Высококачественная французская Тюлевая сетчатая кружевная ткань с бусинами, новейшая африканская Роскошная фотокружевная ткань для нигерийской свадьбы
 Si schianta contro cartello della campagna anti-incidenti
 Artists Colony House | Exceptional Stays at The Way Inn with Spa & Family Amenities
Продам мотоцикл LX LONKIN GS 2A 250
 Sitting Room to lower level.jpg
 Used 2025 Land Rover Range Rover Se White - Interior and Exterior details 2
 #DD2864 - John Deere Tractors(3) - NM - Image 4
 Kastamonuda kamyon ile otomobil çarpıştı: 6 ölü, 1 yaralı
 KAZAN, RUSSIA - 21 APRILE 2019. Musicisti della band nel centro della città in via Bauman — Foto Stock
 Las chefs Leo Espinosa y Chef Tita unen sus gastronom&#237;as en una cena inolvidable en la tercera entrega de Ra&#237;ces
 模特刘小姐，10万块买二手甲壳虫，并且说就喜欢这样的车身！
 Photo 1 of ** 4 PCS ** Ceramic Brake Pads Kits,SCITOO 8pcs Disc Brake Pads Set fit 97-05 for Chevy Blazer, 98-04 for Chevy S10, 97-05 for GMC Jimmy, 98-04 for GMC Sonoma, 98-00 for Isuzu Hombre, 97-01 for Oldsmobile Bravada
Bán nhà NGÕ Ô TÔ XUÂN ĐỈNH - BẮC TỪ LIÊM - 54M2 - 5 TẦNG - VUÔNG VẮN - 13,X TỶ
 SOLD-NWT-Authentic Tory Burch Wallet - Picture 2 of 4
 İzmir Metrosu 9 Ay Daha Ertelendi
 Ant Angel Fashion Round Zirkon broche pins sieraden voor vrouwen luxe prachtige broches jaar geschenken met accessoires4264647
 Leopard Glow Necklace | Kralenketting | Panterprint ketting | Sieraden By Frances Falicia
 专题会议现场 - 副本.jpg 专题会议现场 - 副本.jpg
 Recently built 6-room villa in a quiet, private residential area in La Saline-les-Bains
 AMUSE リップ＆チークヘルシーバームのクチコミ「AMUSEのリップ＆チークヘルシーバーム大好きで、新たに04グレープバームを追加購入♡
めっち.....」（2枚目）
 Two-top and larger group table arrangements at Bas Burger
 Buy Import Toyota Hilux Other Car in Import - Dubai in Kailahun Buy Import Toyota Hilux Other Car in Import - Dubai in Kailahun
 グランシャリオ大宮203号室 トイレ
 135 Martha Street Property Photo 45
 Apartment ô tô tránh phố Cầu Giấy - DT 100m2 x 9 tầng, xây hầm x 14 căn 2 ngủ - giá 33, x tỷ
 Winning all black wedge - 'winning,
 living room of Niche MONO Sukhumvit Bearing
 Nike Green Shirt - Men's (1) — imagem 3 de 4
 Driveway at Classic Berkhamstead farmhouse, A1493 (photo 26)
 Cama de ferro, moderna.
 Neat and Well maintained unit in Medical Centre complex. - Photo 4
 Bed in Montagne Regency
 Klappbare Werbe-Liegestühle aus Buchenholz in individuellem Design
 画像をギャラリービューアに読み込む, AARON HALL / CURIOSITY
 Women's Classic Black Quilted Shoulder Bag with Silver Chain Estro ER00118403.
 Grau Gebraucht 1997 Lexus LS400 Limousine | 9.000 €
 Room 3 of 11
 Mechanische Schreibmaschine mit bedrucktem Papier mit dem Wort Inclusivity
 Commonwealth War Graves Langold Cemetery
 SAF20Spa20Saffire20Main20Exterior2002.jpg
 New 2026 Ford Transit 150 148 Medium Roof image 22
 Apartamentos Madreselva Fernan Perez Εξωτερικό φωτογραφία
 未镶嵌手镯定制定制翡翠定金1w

****

What you need to do: Beginning with the first line of the listing above, print each line exactly until you have printed the line that contains "Recently built 6-room".

Reply to the exercise:
Высококачественная французская Тюлевая сетчатая кружевная ткань с бусинами, новейшая африканская Роскошная фотокружевная ткань для нигерийской свадьбы
 Si schianta contro cartello della campagna anti-incidenti
 Artists Colony House | Exceptional Stays at The Way Inn with Spa & Family Amenities
Продам мотоцикл LX LONKIN GS 2A 250
 Sitting Room to lower level.jpg
 Used 2025 Land Rover Range Rover Se White - Interior and Exterior details 2
 #DD2864 - John Deere Tractors(3) - NM - Image 4
 Kastamonuda kamyon ile otomobil çarpıştı: 6 ölü, 1 yaralı
 KAZAN, RUSSIA - 21 APRILE 2019. Musicisti della band nel centro della città in via Bauman — Foto Stock
 Las chefs Leo Espinosa y Chef Tita unen sus gastronom&#237;as en una cena inolvidable en la tercera entrega de Ra&#237;ces
 模特刘小姐，10万块买二手甲壳虫，并且说就喜欢这样的车身！
 Photo 1 of ** 4 PCS ** Ceramic Brake Pads Kits,SCITOO 8pcs Disc Brake Pads Set fit 97-05 for Chevy Blazer, 98-04 for Chevy S10, 97-05 for GMC Jimmy, 98-04 for GMC Sonoma, 98-00 for Isuzu Hombre, 97-01 for Oldsmobile Bravada
Bán nhà NGÕ Ô TÔ XUÂN ĐỈNH - BẮC TỪ LIÊM - 54M2 - 5 TẦNG - VUÔNG VẮN - 13,X TỶ
 SOLD-NWT-Authentic Tory Burch Wallet - Picture 2 of 4
 İzmir Metrosu 9 Ay Daha Ertelendi
 Ant Angel Fashion Round Zirkon broche pins sieraden voor vrouwen luxe prachtige broches jaar geschenken met accessoires4264647
 Leopard Glow Necklace | Kralenketting | Panterprint ketting | Sieraden By Frances Falicia
 专题会议现场 - 副本.jpg 专题会议现场 - 副本.jpg
 Recently built 6-room villa in a quiet, private residential area in La Saline-les-Bains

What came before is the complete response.